>>>

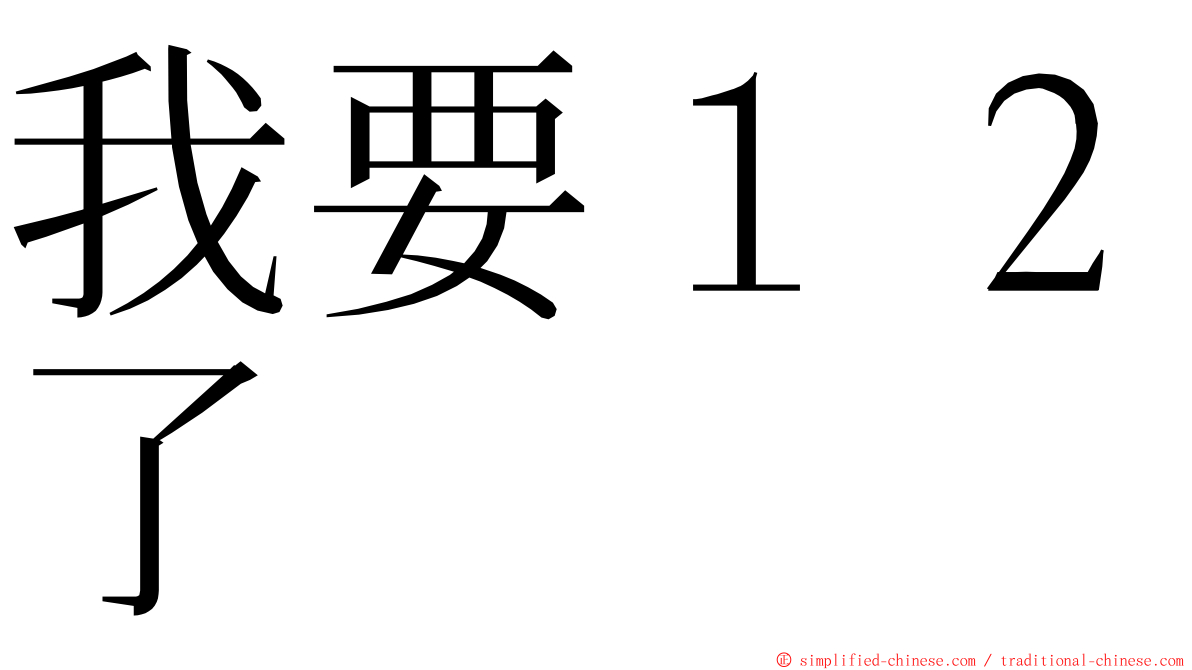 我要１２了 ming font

<<<
>>>

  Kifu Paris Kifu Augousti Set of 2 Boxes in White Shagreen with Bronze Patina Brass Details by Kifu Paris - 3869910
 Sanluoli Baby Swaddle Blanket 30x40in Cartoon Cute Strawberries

<<<

**Assigned task**
The answer is the lines above between the line holding "Kifu Paris Kifu" and the line holding "Sanluoli Baby Swaddle", inclusive, each written out exactly, and no others.

**Result for this task**
  Kifu Paris Kifu Augousti Set of 2 Boxes in White Shagreen with Bronze Patina Brass Details by Kifu Paris - 3869910
 Sanluoli Baby Swaddle Blanket 30x40in Cartoon Cute Strawberries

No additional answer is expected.